The second time round I definitely got more of the undertones than I did originally. Some of the darker aspects, such as suicide and abortion, probably went somewhat over my head before. And I wouldn’t have really picked up on the real life historical implications of Callum’s anger that no important nought person is mentioned in their history lessons.
I never read the sequels to Noughts and Crosses, mainly because I was so upset by the end of it, but I feel like I should now. Malorie Blackman is definitely a staple YA author and I’m glad I still see her books on the shelves at school!
I will preface this by saying that I am eternally mystified by the hype around Harry Potter. If it’s your thing, great, but I kind of feel like I grew out of it round about Goblet of Fire.
That being said I didn’t hate this one. It was sweet and nostalgic and what I kind of wish the Harry Potter books had stayed like (ostensibly for children). I had a few issues going in to the second chapter but actually, I dare say I enjoyed reading it. I still don’t get the hype, I may not read the rest of the series, but it was a sweet little book. I feel like I liked the dialogue more than the narration and that the characterisation of adult characters was a lot better than the children (which in a way makes me want to read the adult books she wrote under a pseudonym).
Overall, I still don’t care what Hogwarts house I’m in, but yes, I enjoyed it.

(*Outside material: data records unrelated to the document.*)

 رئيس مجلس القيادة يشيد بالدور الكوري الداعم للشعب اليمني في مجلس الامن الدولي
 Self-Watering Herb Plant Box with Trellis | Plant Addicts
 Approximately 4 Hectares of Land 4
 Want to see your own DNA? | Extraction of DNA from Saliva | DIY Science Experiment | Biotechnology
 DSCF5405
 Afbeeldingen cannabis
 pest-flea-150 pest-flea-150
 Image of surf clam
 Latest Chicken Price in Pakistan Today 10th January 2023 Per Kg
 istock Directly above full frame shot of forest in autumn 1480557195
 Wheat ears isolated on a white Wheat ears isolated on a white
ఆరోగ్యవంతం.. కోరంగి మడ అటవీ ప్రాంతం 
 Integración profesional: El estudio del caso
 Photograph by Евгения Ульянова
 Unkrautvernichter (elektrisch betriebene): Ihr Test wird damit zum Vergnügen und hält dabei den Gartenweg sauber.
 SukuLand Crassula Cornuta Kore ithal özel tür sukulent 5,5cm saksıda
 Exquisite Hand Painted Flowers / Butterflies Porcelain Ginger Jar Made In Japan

I’ve been meaning to read a Patrick Ness book for some time, having seen his quotes floating around the internet. Last week I rejoined the library for the first time in maybe eight years and realised that ebooks are now a thing and I could therefore get a book out without leaving my bed… And promptly downloaded his bibliography.
A Monster Calls was the first one I read and I wasn’t sure what to expect, having not read the blurb beforehand. I was pretty sure I would be moved… I was right and then some. I never would have thought that a book about a story telling tree monster that appears at midnight would actually be the one story on the topic of grief that I identified most strongly with.

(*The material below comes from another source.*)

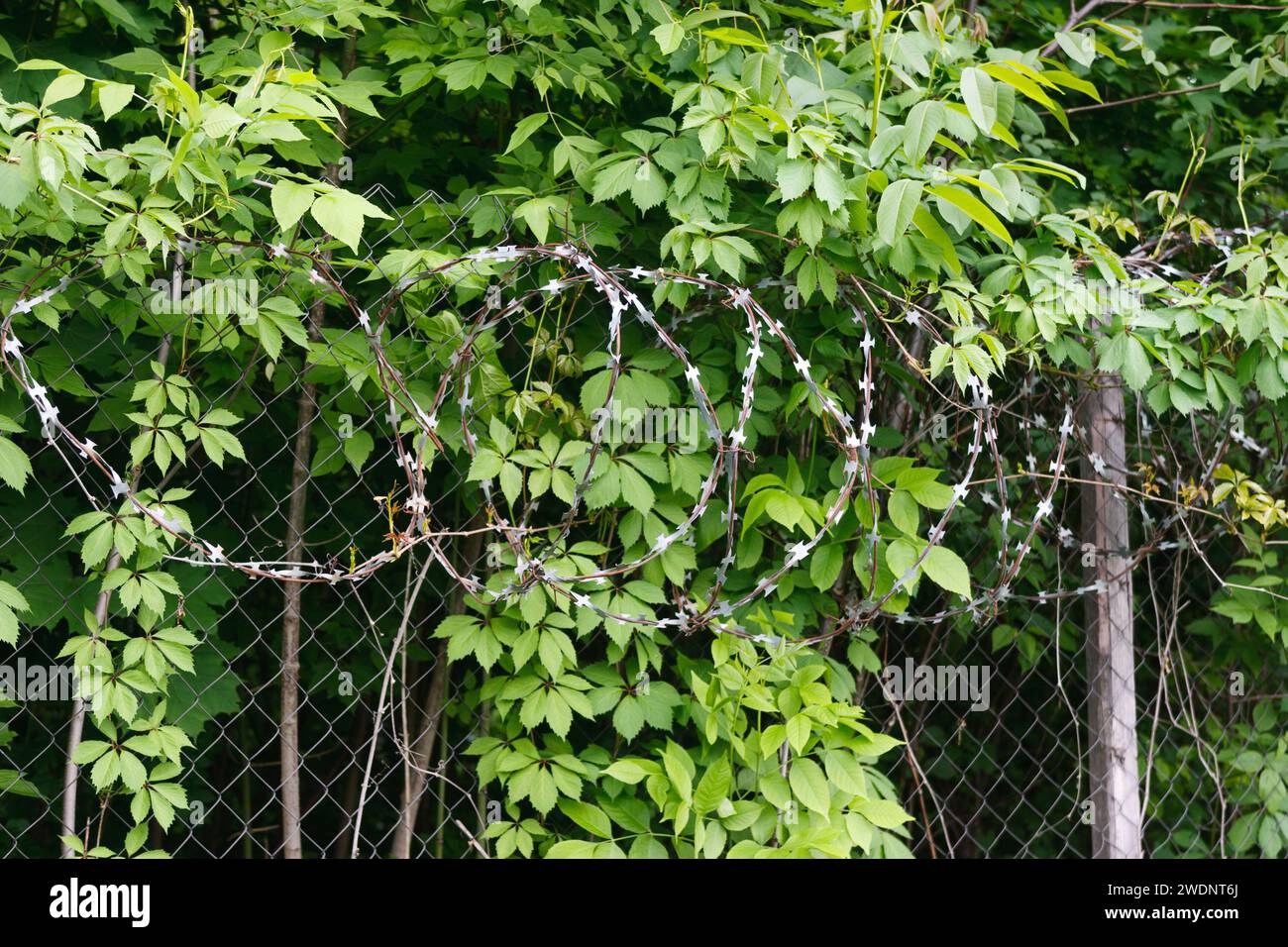 Rusty barbed wire at abandoned soviet army military base Stock Photo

In between snippets of tales about apothecaries, evil queens and nightmares Patrick Ness weaves in complex feelings on losing loved ones, right and wrong and whether such a thing exists, truth and love. It’s not a happy tale, but the Monster never promises one. I adored it.
Personally, I feel like in a few pages I had my feelings around losing a parent validated, in a way. Not that, at nearly 25, I needed them to be… But it’s still nice to find a book that shows you exactly how you felt and how it was ok to feel that way.
This was one of the books that immediately sprung to mind when I signed up for the Rereadathon. Like Wise Children I read it for an actual academic assignment, this time Ethnic American Literature in the second year of uni. Life outside of university in my second year was an unmitigated disaster, so much so that I ended up taking the year twice, and The House on Mango Street was probably the only book I read the whole of that first attempt.
I enjoyed it a lot more without the pressure of university (like all books) and also with the benefit of nearly six years of online communication with people who aren’t from the same town as me. For all my lecturer’s enthusiasm I don’t think I fully got the beauty of this book aged nineteen.
I still love the way the book is written, not in chapters but in vignettes. There’s something lovely about a vignette that can be taken in isolation but that also comes together with others to paint a broader picture. Although it’s short, the book deals with a lot of aspects about Esperanza’s life and the specific ways in which being Latina in Chicago affect her. There’s almost a fairy tale quality to the way Esperanza narrates stories about the others on her street too.